=== WHAT IS EXPECTED ===
Set down, please, exactly the lines below that run from the line with "Horno de sobremesa..." to the line with "Yazım yanlışının fazlası", both lines included.

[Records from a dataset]

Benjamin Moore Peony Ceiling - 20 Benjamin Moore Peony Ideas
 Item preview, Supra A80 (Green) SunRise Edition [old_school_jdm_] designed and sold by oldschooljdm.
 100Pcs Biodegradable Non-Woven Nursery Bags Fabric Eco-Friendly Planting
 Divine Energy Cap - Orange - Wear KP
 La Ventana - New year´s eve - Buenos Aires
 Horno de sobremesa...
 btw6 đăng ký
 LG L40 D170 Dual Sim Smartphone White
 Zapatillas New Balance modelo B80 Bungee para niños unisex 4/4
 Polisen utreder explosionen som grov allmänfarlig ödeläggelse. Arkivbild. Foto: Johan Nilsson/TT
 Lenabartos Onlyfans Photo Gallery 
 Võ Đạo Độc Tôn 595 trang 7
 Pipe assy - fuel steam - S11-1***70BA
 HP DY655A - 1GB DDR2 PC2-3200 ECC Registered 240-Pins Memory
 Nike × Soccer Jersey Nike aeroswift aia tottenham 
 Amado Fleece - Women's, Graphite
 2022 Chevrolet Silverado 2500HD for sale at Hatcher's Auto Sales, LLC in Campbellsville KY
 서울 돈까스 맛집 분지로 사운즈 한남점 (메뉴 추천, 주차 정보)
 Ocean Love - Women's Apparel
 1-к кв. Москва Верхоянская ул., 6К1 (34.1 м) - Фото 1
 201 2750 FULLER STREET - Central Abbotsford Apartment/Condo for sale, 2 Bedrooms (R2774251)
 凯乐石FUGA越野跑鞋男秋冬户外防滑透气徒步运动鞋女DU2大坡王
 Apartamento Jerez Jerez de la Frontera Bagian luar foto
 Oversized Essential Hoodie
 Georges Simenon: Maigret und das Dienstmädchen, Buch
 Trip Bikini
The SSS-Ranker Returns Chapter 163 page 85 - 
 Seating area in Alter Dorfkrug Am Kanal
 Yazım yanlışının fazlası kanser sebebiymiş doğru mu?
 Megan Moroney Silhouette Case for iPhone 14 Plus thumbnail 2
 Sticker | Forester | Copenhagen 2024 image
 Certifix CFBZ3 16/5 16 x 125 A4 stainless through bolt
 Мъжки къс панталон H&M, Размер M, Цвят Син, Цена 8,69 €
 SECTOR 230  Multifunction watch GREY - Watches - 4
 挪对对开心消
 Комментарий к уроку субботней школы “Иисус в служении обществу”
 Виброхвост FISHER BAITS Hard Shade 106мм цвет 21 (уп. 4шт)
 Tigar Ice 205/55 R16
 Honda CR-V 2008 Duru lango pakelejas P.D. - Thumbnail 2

=== SOLUTION BELOW ===
 Horno de sobremesa...
 btw6 đăng ký
 LG L40 D170 Dual Sim Smartphone White
 Zapatillas New Balance modelo B80 Bungee para niños unisex 4/4
 Polisen utreder explosionen som grov allmänfarlig ödeläggelse. Arkivbild. Foto: Johan Nilsson/TT
 Lenabartos Onlyfans Photo Gallery 
 Võ Đạo Độc Tôn 595 trang 7
 Pipe assy - fuel steam - S11-1***70BA
 HP DY655A - 1GB DDR2 PC2-3200 ECC Registered 240-Pins Memory
 Nike × Soccer Jersey Nike aeroswift aia tottenham 
 Amado Fleece - Women's, Graphite
 2022 Chevrolet Silverado 2500HD for sale at Hatcher's Auto Sales, LLC in Campbellsville KY
 서울 돈까스 맛집 분지로 사운즈 한남점 (메뉴 추천, 주차 정보)
 Ocean Love - Women's Apparel
 1-к кв. Москва Верхоянская ул., 6К1 (34.1 м) - Фото 1
 201 2750 FULLER STREET - Central Abbotsford Apartment/Condo for sale, 2 Bedrooms (R2774251)
 凯乐石FUGA越野跑鞋男秋冬户外防滑透气徒步运动鞋女DU2大坡王
 Apartamento Jerez Jerez de la Frontera Bagian luar foto
 Oversized Essential Hoodie
 Georges Simenon: Maigret und das Dienstmädchen, Buch
 Trip Bikini
The SSS-Ranker Returns Chapter 163 page 85 - 
 Seating area in Alter Dorfkrug Am Kanal
 Yazım yanlışının fazlası kanser sebebiymiş doğru mu?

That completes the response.